第9話 狭間のロンド 2

 ガタン、ゴトン。ガタン、ゴトン。


 規則正しく響き渡る音で俺は目を覚ました。


 そういえば、誰かに呼ばれた気がして隣を見たが、大きい黒リュックと飲みかけのラムネと書かれたビンだけで、誰もいない。


「え?」


 そんな状況に驚いた俺は思わず立ち上がり、辺りを見渡した。そこはどこかノスタルジックな雰囲気を感じさせ、年季の入った琥珀色の木目調の壁が目に飛び込んで来る。


――ここどこ? 列車っぽく見える。


 一定方向に並んでいる椅子が写真や動画で見かける列車の特徴と似ている。俺が知っている知識と同じく、景色が少しずつ変わっていった。ただ、窓といったものはなく、直接、風が入り、規則正しくガタン、ゴトンと音を立てていた。


 俺はそんな状況に混乱している。なぜ列車に乗っているか、訳わからないままなのだ。もしかしたら、さっき見た変な夢のせいなのかもしれない。暗闇に俺はいた。それは、奥行きがない不思議な場所で……。そういえば最近、根詰めてたっけな。そう、久々な作業だったから、色々と試行錯誤していた。俺の………。

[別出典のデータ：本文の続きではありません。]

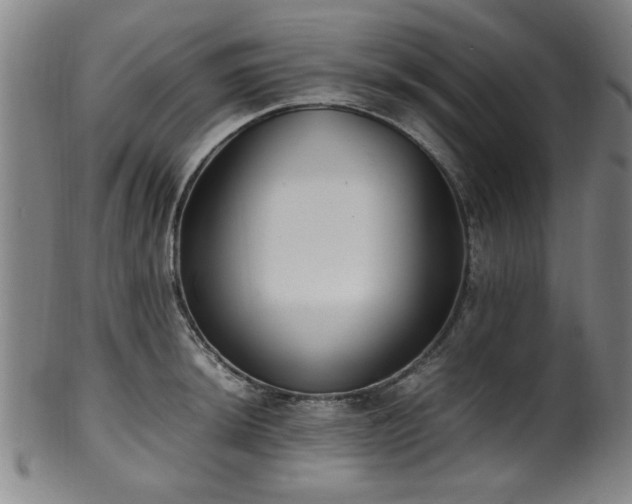 X0000100351044200806061110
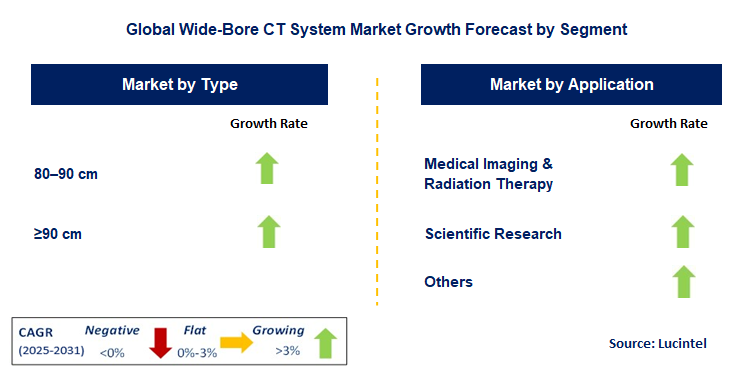 Wide-Bore CT System Market by Segment
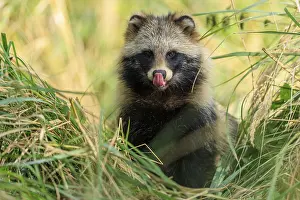 Category Wildlife DE Prints: A raccoon dog sticks out its tongue and sits in tall grass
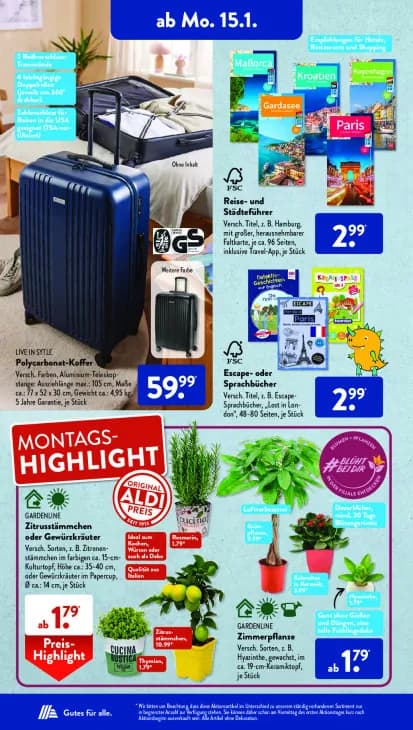 Zitrusstämmchen oder Gewürzkräuter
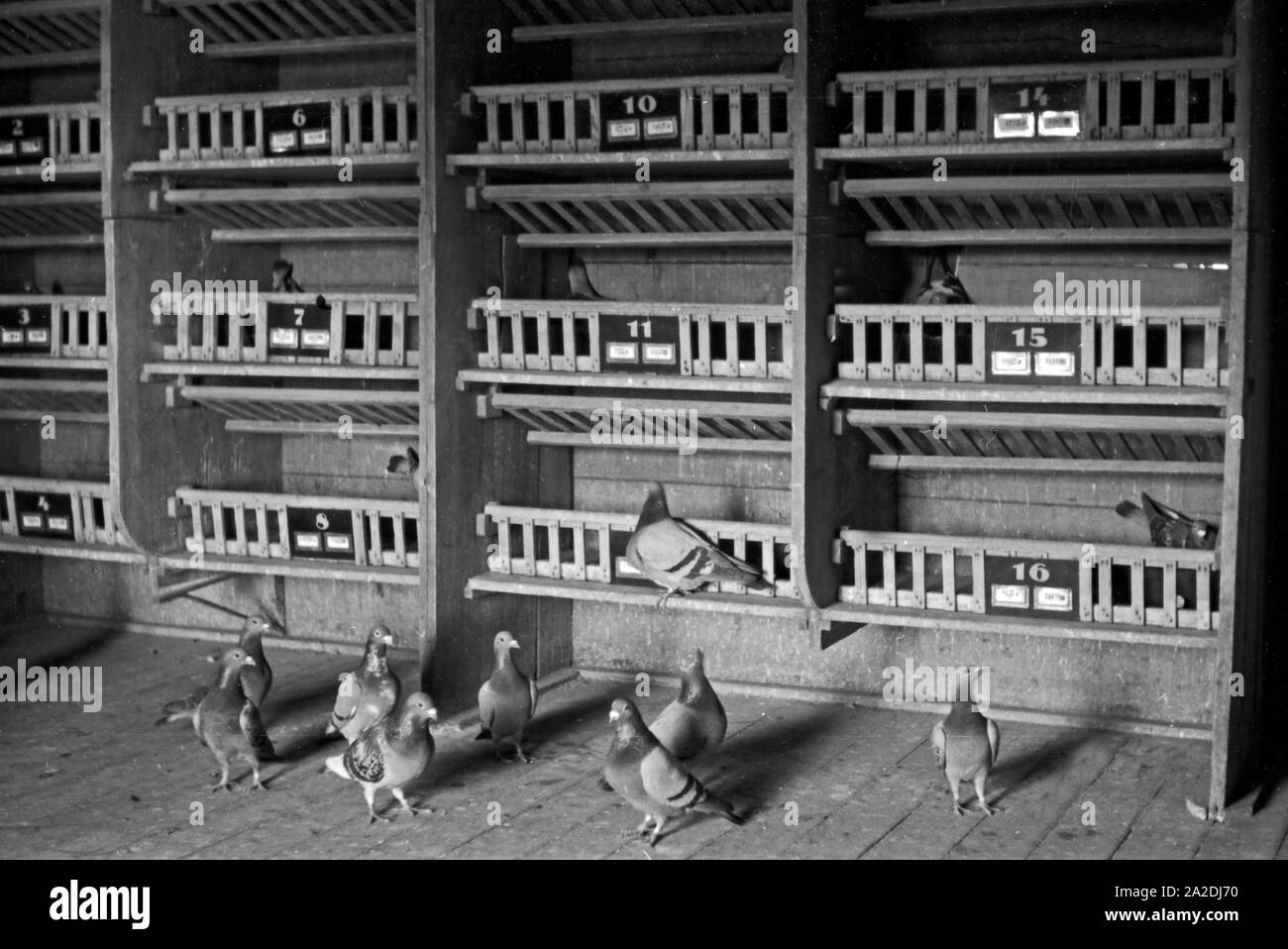 Un Taubenschlägen Brieftauben den einzelnen der der Heeres Brieftauben Anstalt à Berlin Spandau, Deutschland 1930 er Jahre. Seul le transporteur de pigeonniers pigeons, Allemagne 1930. Banque D'Images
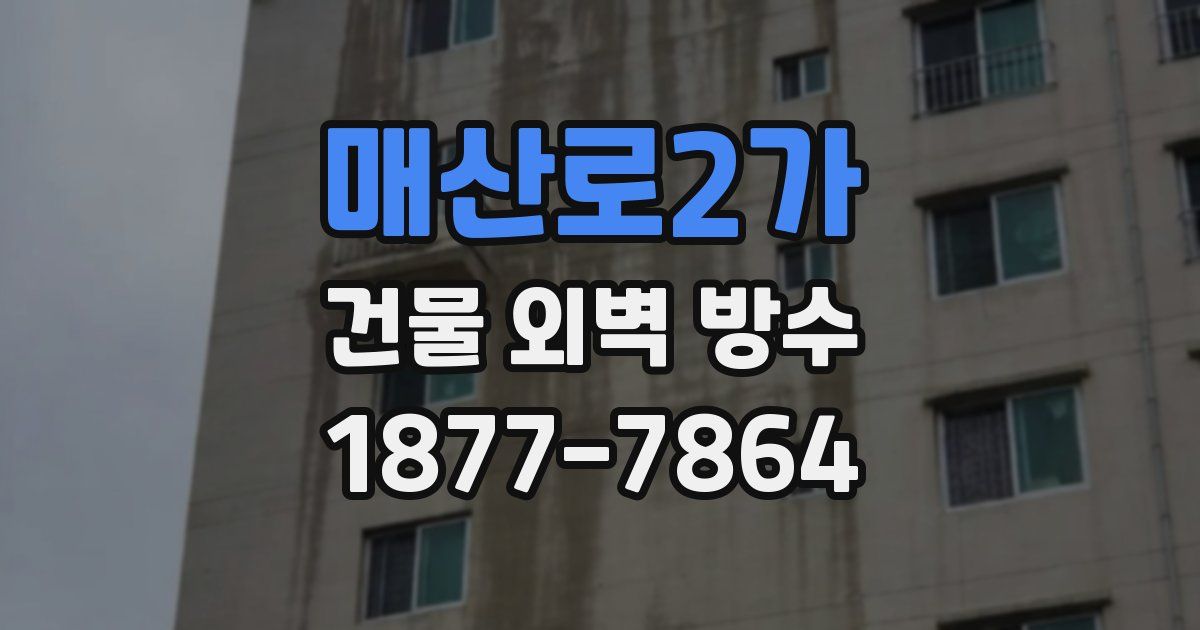 매산로2가 건물 외벽 방수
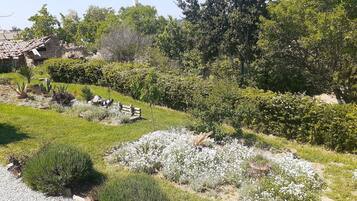 Studio, vue jardin | Enceinte de l’hébergement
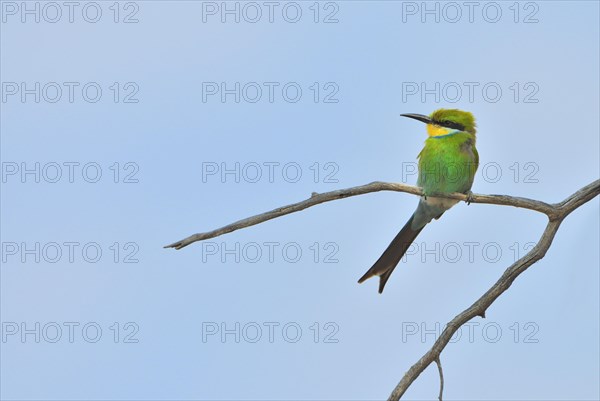 Swallow-tailed Bee-eater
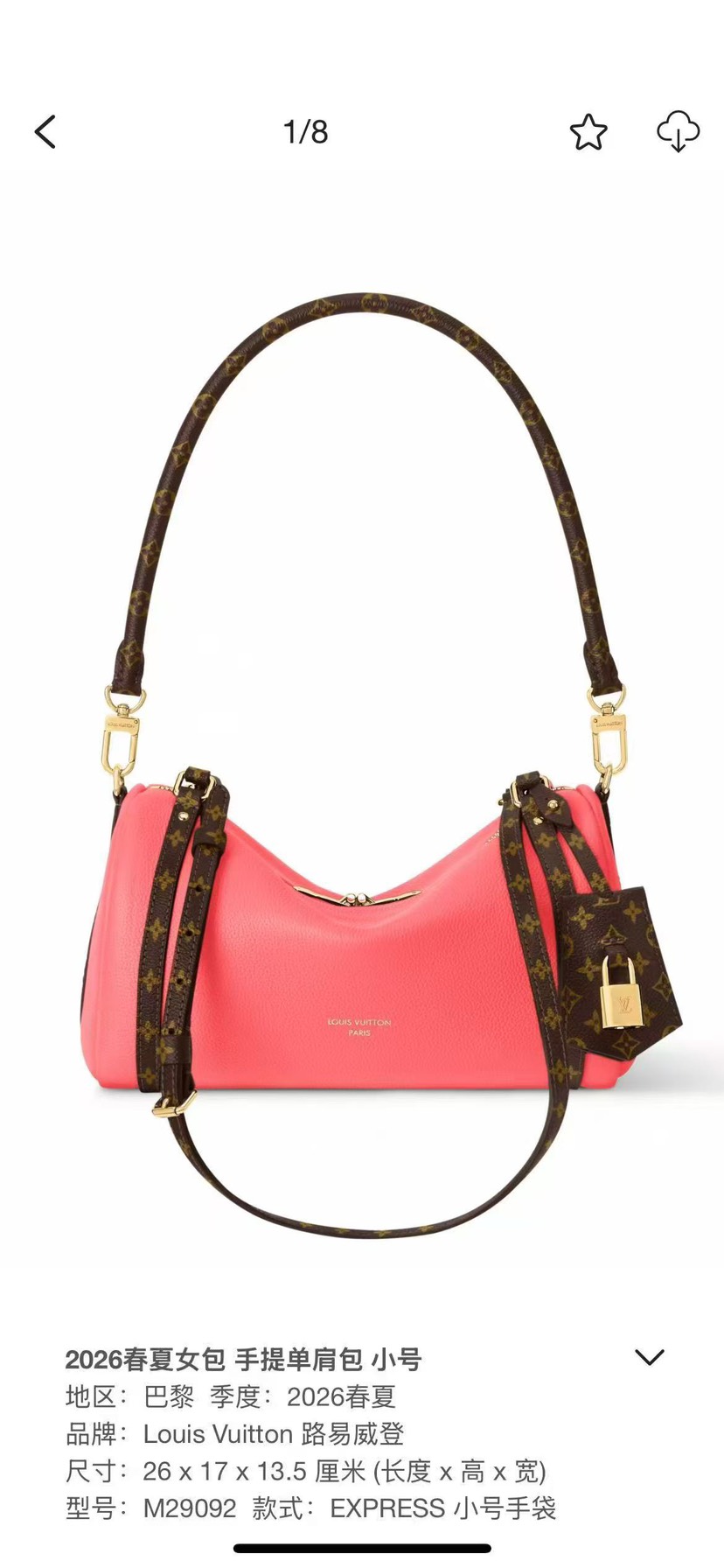 Louis Vuitton Hot New Product-222
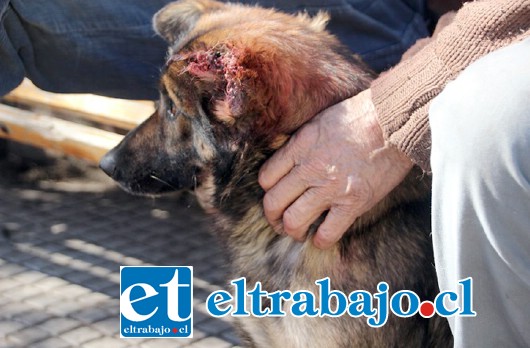 El Pistola, perrito callejero que deambula por la Plaza de Armas de Putaendo sufrió la amputación de su oreja izquierda, a manos de un sujeto, que sin razón aparente, cortó la extremidad auditiva del can.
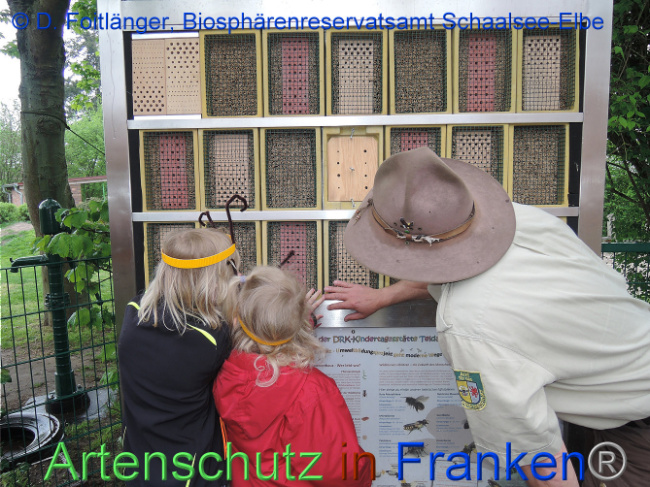 Bild zum Eintrag (1006596-160)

 そんなことを思い巡らすと、近くから予告なく固く割れるような音が聞こえる。



 カラン、カラン、カラン、カラン。



 予想外の音に驚いた俺は、音がした方向を見た。すると、さっき見たときにはいなかった少年がうずくまるように隣の席の床に座り、飲みかけのラムネのビンを両手で持って振り回していたのだ。


「なあなあ、このラムネってやつ、不思議だね。玉んから泡が出ているよ」


 俺は突如現れた少年に衝撃を受けた。こんな少年、知らない。しかも、馴れ馴れしく話しかけてきやがる。もちろん、こんな少年に優しく子守りをするつもりなど、ない。一刻も早く立ち去って欲しい。当然、厳しく対応だ。


「坊主、何やってんだ! ママのところに帰りなさい」

「ママ? ママ、いないよ」

「ママがいないなら、パパは?」

「いないよ」


 俺の意に添わず、この少年に苛立いらだちを感じずにはいられない。


 そんな俺の苛立いらだちをよそに少年の姿勢は変わらず床に座り込み、面白そうに時々カラン、カランと鳴らし、ラムネのビンを見つめている。


――やっぱり、無理だ。何としてでも追い返そう。


 少年のマイペースさについていく気にもなれず、少年が出ていける理由を見つけ出そうと画策かくさくする。


「だったらお家の人は? 誰かと一緒に来たんだろ?」

「お家? …………ラムネ君、何言っているの?」

「うぇ、……ら、ラムネ君⁉︎ …………もしかして俺のこと?」


 突拍子とっぴょうしもない少年の発言に俺は狼狽うろたえた。


 そんな俺の態度に少年は不思議そうに見つめている。よく見ると両手がお留守で、持っているラムネのビンが落としそうだ。俺は床に落として割れたビンの欠片を拾うとか、漏れ出た液体を拭いたりという世話はしたくない。


――こうなれば、強行突破だ。


「なら、これは俺のだな」


 ラムネ君と呼ばれたことを良いことに、俺は少年が持っているラムネのビンを無理やり取り上げたのだ。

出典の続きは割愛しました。